CuddleBear92 / Hydrus-Presets-and-Scripts

collection of presets and scripts for Hydrus
266 stars 53 forks source link

List boorus sorted by the percentage of images containing a given tag #150

Closed 8ullyMaguire closed 1 year ago

8ullyMaguire commented 1 year ago

I would like to request a feature that allows for the listing of boorus sorted by the percentage of images containing a given tag in the Hydrus-Presets-and-Scripts repository. To achieve this, it would be helpful to have a script that saves the boorus data into a database and another script that queries that database and generates a list of boorus sorted by the percentage of images containing the specified tag. While attempting to implement this functionality, I encountered a cloudflare error on the first booru I was testing. I am unsure how Hydrus manages to download data even with cloudflare, but I believe someone interested in this feature could potentially overcome this issue and contribute it to the repository.

"""
This script is used to scrape data from booru websites and store it in a SQLite database. It utilizes the BeautifulSoup library to parse HTML and extract information from webpages. The script performs the following tasks:

1. Imports necessary libraries and modules.
2. Defines global variables for the database file, maximum backoff time, and logging format.
3. Defines functions for executing SQL queries, initializing the database, inserting boorus and tags into the database, and checking if boorus and tags exist in the database.
4. Defines a function for fetching webpages using the cloudscraper library and handling request exceptions with exponential backoff.
5. Defines functions for extracting boorus and tags from webpages and inserting them into the database.
6. Defines the main function that initializes the database, extracts boorus and tags, and inserts them into the database.
7. Executes the main function if the script is run directly.

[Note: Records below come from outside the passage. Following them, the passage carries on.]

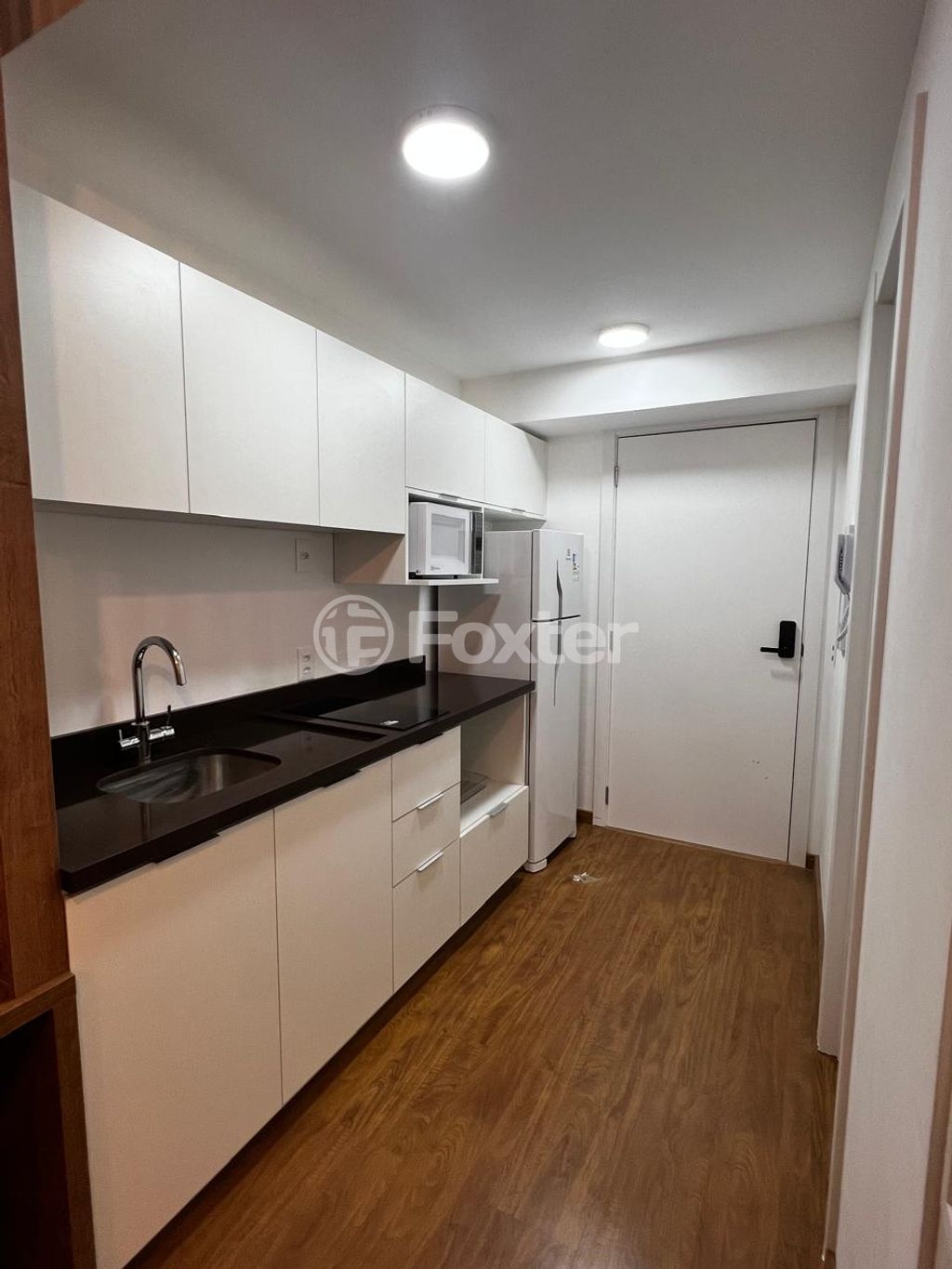 Loft/Flat para comprar em Partenon, Porto Alegre - foto 1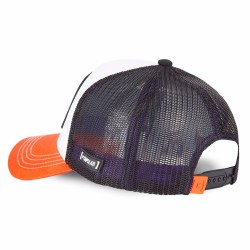 Cap - Trucker - Dragon Ball - Son Goku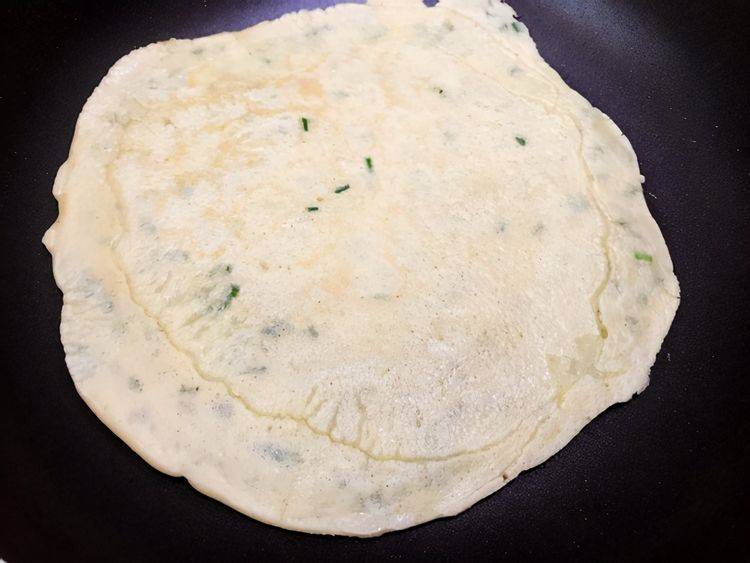 葱花|学会了这个,早餐不用发愁做什么了,10分钟就能搞定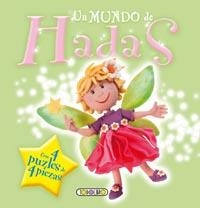 MUNDO DE HADAS, UN | 9788499139821 | GREZ, MARCELA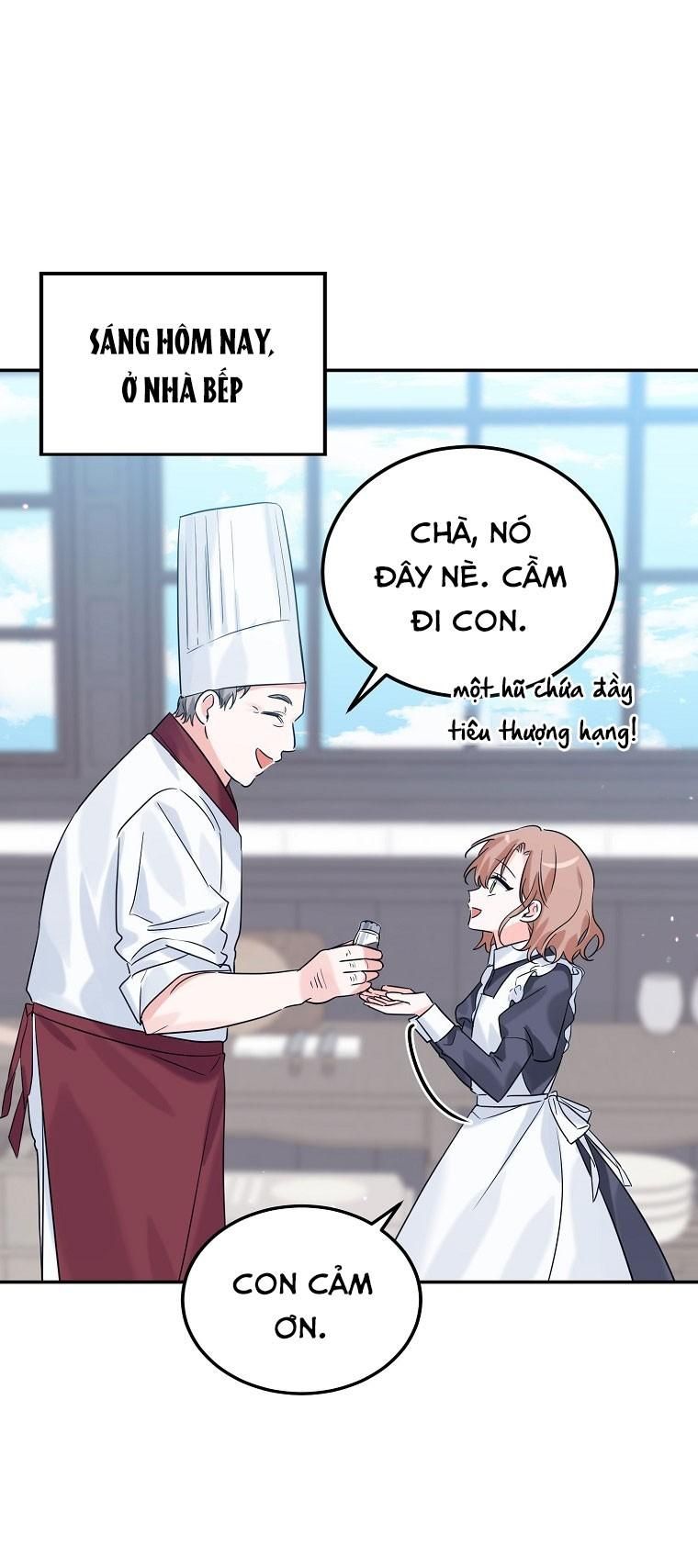 đọc truyện  Ác Nữ Karuna Bé Lại Chương 18 ảnh 35 tại Giả Dược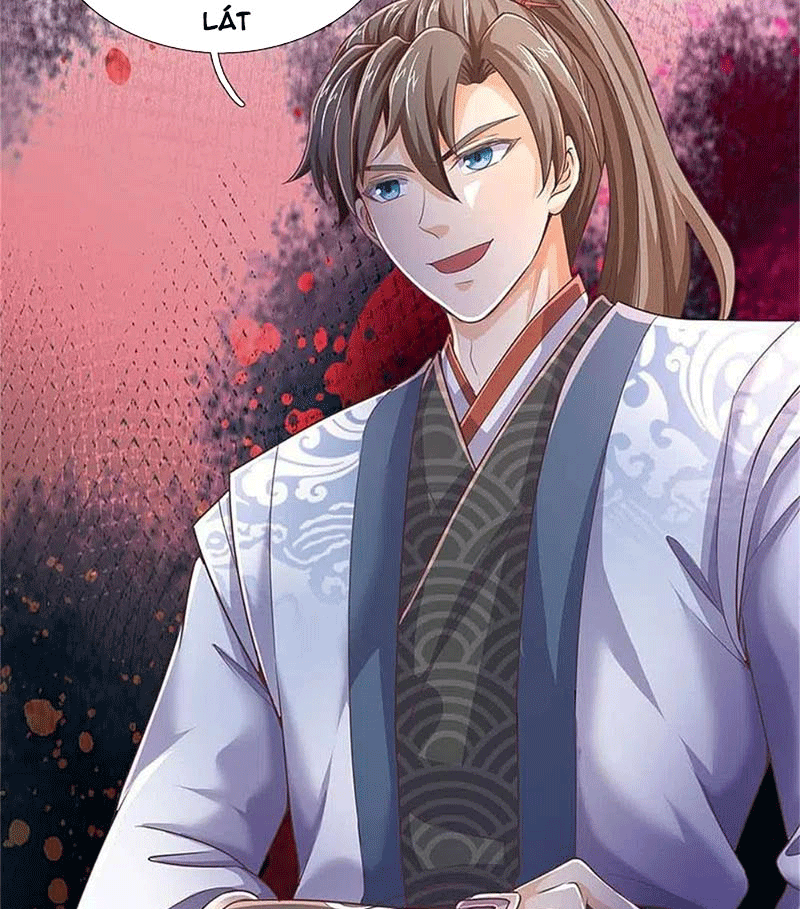 đọc truyện Nghịch Thiên Kiếm Thần Chương 581 ảnh 23 tại Thiên Thai Truyện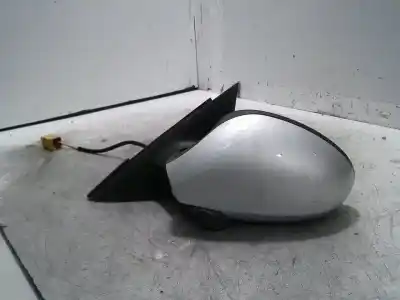Second-hand car spare part left rearview mirror for seat ibiza (6l1) d-axr oem iam references 876047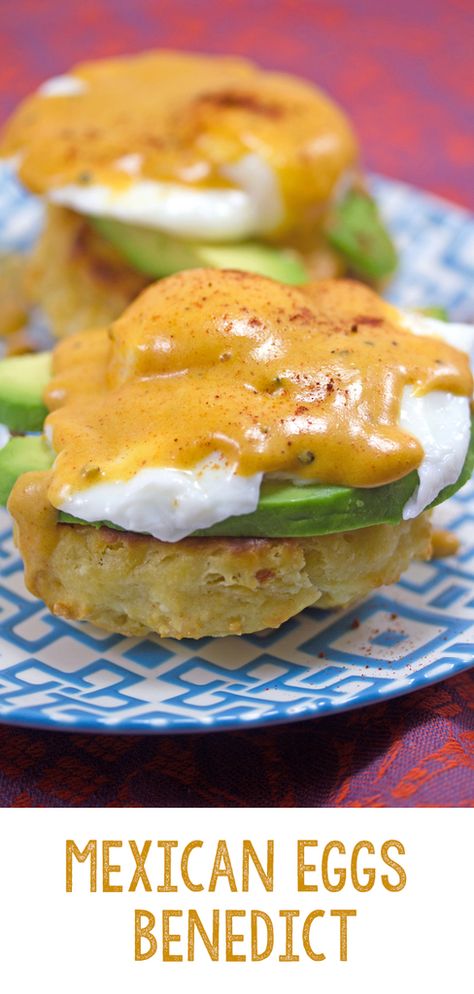 Chipotle Hollandaise Sauce, Hollandaise Recipe, Mexican Eggs, Homemade Chorizo, Recipe For Hollandaise Sauce, Eggs Benedict Recipe, Chorizo And Eggs, Mexican Breakfast Recipes, Brunch Recipe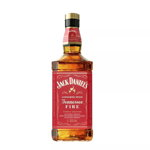 Jack Daniel's Tennesse Fire Lichior 1L, Jack Daniels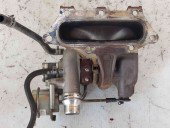 Turbina 144108035R Renault Captur [Fabr 2013-prezent] 0.9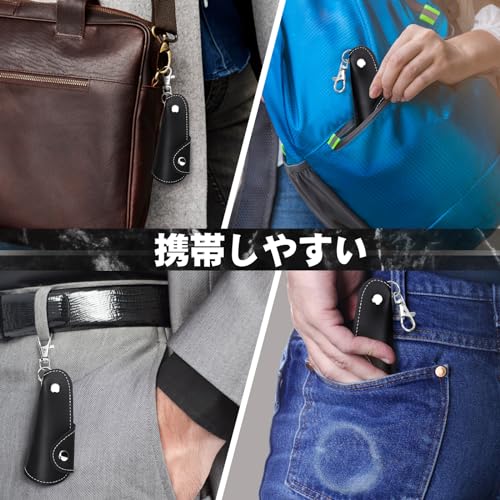 携帯用靴べら 5
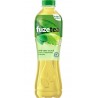 Fuze Tea Fuzetea Boisson au thé vert saveur citron vert & menthe 1,25L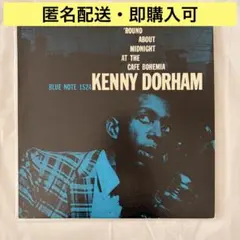 2026年最新】kenny dorham レコードの人気アイテム - メルカリ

The script uses docstrings for every function to provide detailed explanations of their purpose and usage. It also uses logging to record debug information and errors. The database is created if it doesn't exist and the necessary tables are created. Boorus and tags are only inserted into the database if they don't already exist. The script utilizes generators to efficiently process large amounts of data.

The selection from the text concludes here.